The authors of the paper hope some cheaper means can be found than metal oxides - and I'll be up front here and state that I am rather fond of metal oxide mediated carbon capture for reasons about which you couldn't care less - and they discuss a variety of silica based absorbents, if I recall correctly the too much ignoredold genius George Olah has also discussed this class.
They're probably pretty damn good.
For the thermodynamic and economic calculations in the paper, the authors refer to a particular silica based absorbent, TRIPE-MCM-41.
Tripe. I swear. Tripe.
Which is what the hope that humanity will avoid climate catastrophe is.
In one process ("Process B" and there's a lot of processes discussed in the paper) the energy cost of recovering carbon dioxide is given as 6328 MJ/t CO2.
Last year, humanity dumped about 31.6 billion tons of the dangerous fossil fuel waste CO2 into its favorite waste dump, the planetary atmosphere.
If one has not joined Greenpeace and thus can still multiply, divide, add and subtract, one can directly calculate that to recapture the pre-sequestered and then de-sequestered carbon from Earth's atmosphere, it would require 199 exajoules of energy using process B.

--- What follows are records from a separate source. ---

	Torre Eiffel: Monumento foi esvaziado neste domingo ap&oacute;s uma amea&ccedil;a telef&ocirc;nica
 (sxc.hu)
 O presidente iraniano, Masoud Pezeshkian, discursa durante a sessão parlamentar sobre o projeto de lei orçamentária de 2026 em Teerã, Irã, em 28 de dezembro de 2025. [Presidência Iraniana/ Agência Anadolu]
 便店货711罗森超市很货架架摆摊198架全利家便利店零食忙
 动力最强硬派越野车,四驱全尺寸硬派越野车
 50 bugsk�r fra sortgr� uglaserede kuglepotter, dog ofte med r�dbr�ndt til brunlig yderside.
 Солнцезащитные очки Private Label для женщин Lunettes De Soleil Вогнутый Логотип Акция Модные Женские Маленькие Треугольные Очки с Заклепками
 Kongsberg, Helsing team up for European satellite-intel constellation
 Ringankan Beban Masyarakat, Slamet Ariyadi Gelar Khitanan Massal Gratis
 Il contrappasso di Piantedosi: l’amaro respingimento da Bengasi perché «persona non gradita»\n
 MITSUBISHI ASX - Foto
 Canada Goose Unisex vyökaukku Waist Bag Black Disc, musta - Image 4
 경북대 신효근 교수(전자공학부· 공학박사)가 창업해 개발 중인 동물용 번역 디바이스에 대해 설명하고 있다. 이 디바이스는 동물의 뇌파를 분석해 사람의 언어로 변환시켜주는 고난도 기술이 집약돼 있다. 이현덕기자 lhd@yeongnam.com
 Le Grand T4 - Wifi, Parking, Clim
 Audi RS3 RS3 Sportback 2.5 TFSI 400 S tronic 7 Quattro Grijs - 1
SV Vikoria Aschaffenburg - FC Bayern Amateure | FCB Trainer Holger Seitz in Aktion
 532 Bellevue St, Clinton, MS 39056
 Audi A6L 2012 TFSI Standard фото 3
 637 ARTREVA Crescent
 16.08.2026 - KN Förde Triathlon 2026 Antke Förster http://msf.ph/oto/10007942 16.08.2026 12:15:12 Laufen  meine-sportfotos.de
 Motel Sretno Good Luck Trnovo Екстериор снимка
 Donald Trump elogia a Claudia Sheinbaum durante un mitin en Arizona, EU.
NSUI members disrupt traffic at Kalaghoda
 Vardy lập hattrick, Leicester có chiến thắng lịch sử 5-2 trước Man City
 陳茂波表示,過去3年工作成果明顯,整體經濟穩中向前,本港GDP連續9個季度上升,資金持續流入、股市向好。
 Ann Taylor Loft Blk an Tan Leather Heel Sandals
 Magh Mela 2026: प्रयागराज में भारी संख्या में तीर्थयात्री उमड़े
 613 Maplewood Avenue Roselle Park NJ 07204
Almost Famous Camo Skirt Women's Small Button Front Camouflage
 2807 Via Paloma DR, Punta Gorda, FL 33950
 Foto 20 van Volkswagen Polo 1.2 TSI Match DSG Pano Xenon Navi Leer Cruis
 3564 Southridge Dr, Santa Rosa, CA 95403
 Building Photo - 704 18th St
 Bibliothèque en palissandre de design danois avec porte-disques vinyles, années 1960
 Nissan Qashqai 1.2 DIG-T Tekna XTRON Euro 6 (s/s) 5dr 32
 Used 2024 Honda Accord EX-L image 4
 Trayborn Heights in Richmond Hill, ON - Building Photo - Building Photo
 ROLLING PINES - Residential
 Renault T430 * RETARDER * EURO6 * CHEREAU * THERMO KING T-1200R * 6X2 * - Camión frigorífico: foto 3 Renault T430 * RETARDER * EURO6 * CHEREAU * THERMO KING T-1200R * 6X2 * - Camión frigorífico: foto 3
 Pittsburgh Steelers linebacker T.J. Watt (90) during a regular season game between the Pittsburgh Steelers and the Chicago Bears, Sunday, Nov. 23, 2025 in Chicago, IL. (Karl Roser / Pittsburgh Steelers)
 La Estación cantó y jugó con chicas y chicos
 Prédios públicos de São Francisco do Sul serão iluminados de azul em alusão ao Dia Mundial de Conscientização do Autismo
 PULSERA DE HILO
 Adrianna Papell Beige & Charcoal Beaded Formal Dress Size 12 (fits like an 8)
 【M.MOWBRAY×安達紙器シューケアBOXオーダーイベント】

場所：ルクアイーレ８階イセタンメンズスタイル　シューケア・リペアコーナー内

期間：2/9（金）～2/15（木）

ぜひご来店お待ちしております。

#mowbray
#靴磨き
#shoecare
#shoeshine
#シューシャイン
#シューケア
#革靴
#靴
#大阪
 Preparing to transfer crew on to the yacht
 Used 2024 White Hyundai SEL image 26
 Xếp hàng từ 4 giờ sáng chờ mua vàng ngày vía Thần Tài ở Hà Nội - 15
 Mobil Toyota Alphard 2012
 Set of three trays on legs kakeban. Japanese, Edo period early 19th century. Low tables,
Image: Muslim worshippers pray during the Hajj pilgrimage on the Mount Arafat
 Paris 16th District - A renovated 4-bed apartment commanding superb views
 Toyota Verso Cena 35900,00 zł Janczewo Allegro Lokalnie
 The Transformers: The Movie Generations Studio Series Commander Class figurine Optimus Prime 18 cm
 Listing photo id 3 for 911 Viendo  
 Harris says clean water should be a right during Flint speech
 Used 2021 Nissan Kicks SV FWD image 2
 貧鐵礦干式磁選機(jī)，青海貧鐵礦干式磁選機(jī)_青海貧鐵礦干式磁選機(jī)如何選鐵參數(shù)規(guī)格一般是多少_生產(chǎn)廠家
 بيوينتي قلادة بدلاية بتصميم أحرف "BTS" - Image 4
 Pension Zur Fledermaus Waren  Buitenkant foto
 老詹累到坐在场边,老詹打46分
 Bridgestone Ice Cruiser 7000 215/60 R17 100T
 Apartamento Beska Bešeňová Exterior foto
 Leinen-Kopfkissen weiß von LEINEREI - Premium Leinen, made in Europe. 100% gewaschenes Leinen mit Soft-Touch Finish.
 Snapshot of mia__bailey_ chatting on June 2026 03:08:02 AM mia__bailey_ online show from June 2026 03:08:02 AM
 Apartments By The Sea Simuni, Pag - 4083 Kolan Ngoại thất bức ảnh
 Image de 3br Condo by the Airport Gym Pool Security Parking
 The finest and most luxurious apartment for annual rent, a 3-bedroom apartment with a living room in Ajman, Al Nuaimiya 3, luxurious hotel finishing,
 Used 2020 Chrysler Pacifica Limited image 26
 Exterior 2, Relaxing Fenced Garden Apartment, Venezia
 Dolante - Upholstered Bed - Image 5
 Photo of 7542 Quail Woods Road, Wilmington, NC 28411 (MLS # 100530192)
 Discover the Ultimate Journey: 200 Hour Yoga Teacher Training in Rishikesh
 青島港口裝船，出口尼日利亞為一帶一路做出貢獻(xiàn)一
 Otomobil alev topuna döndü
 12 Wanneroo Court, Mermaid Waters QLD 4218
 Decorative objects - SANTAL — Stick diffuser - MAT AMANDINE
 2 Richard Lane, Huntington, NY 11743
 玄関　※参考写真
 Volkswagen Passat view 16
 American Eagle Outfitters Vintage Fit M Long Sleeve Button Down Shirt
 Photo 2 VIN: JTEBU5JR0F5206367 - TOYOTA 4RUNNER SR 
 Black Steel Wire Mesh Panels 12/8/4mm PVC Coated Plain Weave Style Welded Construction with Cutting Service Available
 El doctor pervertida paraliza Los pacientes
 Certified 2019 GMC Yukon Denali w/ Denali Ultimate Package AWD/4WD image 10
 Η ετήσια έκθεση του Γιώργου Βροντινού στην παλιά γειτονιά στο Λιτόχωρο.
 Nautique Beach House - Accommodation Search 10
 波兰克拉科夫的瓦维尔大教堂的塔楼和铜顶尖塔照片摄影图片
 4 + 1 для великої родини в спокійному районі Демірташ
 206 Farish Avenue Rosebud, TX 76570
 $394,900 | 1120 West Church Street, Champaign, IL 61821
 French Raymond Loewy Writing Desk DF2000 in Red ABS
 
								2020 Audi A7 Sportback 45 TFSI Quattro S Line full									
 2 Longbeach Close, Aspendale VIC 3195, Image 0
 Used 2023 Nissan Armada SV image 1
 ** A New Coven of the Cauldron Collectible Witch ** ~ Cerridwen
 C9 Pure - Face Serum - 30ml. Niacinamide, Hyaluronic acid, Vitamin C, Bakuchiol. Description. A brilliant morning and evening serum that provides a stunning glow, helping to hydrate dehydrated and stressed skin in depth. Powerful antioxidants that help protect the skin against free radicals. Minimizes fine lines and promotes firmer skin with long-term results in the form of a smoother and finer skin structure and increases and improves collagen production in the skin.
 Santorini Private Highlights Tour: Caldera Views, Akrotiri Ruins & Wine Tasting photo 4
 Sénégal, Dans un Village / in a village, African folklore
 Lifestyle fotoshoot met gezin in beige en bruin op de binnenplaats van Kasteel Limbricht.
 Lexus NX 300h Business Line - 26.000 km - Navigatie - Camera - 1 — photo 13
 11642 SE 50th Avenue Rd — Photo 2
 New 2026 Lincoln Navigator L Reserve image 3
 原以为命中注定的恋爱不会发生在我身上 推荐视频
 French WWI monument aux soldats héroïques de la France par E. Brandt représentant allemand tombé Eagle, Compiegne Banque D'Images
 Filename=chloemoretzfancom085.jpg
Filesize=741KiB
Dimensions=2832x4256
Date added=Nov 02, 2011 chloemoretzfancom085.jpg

This is about twice the annual amount of energy consumed by the United States, that "environmental" country that we live in. Humanity as a whole is now consuming about 520 exajoules of energy as a whole.
Don't worry. Be happy.
All of Europe, after throwing hundreds of billions of Euros down the rabbit hole, now produces about 2 exajoules of so called "renewable energy."
Actually, we do know how to produce energy without carbon dioxide on a large scale, but a rather large portion of the population, motivate by fear, ignorance and superstition rather hates this form of energy, because it could be responsible (ultimately, albeit not this far) for a few deaths here and there after a 9.0 earthquake and a 15 meter tsunami.
As we all know, everything else, including buildings and cars is otherwise completely safe in a 9.0 earthquake and 15 meter tsunami.
I could go on and on with the cool stuff in this paper, but let me just run the conclusion by you.
The authors, very nice guys I'm sure, and very smart guys conclude like this:
In conclusion, we have developed process models that account for some of the issues that need to be taken into account while considering the viability of adsorption-based air capture technologies. We have identified one process that appears promising based on these initial models. Our work should motivate future experimental and modeling efforts to refine the specifications of processes like this one and define more detailed estimates of their economics.
Don't worry guys. We, humanity, will get right on it, right after we figure where the grain is going to come from.
Enjoy your evening in spite of any heat or other extreme weather warnings may apply in your area.